Second, Rentschler says, "Cummins has superior technology." Case in point: Cummins is "in the vanguard" of developing car and truck diesel engines that must meet increasingly tight pollution controls.

This leads to Rentschler's third point, which is how far ahead of rivals Cummins is in getting its wares to markets. The company has already announced that it's ready for the stringent, near-zero 2010 emission standards for diesel engines, beating many other engine makers to the punch.

And passenger cars with diesel engines -- already popular in Europe -- could be the key to U.S. energy independence from OPEC, says Rentschler. In 2009, Chrysler will introduce a light pickup with a Cummins diesel engine, he says.

The analyst, by the way, is the only one of the 11 following Cummins who once worked for the company. He says he spent ten years in operations there.

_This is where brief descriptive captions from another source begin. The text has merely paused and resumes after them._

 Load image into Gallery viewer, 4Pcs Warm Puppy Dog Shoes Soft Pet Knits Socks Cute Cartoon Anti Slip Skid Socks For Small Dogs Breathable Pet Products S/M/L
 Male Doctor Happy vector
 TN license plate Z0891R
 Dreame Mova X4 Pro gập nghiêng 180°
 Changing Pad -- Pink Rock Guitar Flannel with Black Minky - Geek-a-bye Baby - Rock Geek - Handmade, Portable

What could go wrong? Well, lots of well-known, well-managed companies, such as Caterpillar (CAT) and Deere (DE), make engines. And most of Cummins' sales go to companies, such as big truck makers, who also make their own engines.

Plus the engine business is notoriously cyclical. For example, new emission standards for big truck engines in 2007 caused a spike in sales for the 2006 models and a crash in the first half of 2007. Cummins' truck-related sales dropped 40% in the first half of 2007, according to Morningstar. (Sales have already started to bounce back for all engine makers -- the things wear out, after all.)

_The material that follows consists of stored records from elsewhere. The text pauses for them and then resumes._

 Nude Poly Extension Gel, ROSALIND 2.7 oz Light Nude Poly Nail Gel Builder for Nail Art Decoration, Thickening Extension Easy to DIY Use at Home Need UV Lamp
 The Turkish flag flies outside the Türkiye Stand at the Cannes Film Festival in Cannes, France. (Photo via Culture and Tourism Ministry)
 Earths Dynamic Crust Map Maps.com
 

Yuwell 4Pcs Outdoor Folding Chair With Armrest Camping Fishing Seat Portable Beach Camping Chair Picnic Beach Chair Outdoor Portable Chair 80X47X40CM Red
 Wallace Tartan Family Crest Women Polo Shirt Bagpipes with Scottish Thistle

Morningstar analyst Ben Butwin sums up the strategic case against Cummins when he writes: "The company's recent results are impressive, but we don't see any sustainable competitive advantages to keep rivals at bay."

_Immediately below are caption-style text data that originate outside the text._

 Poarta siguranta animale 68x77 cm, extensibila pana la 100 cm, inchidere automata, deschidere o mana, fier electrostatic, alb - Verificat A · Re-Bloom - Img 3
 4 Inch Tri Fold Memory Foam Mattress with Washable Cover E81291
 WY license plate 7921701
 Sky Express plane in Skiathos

That's a good point. Cummins' technologies for building engines that run more cleanly and producing catalytic converters used by other engine makers to help meet ever-tightening emission standards won't be on the leading edge forever. But Cummins has been so successful in recent years -- and has gained its current competitive advantages -- because it is a strong innovator.

It may well be that analysts badly underestimated Cummins' earnings in the first half of 2007 because they didn't fully appreciate the company's ability to innovate. In the first quarter, analysts on average estimated profits of 86 cents a share; Cummins posted $1.42. For the second quarter, analysts had $1.59 per share, and Cummins reported $2.13.

Analysts are looking for an 18% earnings gain, to $9.12 per share, in 2008. Rentschler says Cummins can earn $14 to $15 a share by 2011. That could mean a near-doubling of profits from 2007 levels. So although Cummins' stock is expensive and the chances of it repeating its 14-fold advance since 2003 over the next four years are zero, it's conceivable that the shares will chug along nicely, in line with earnings growth, for the foreseeable future.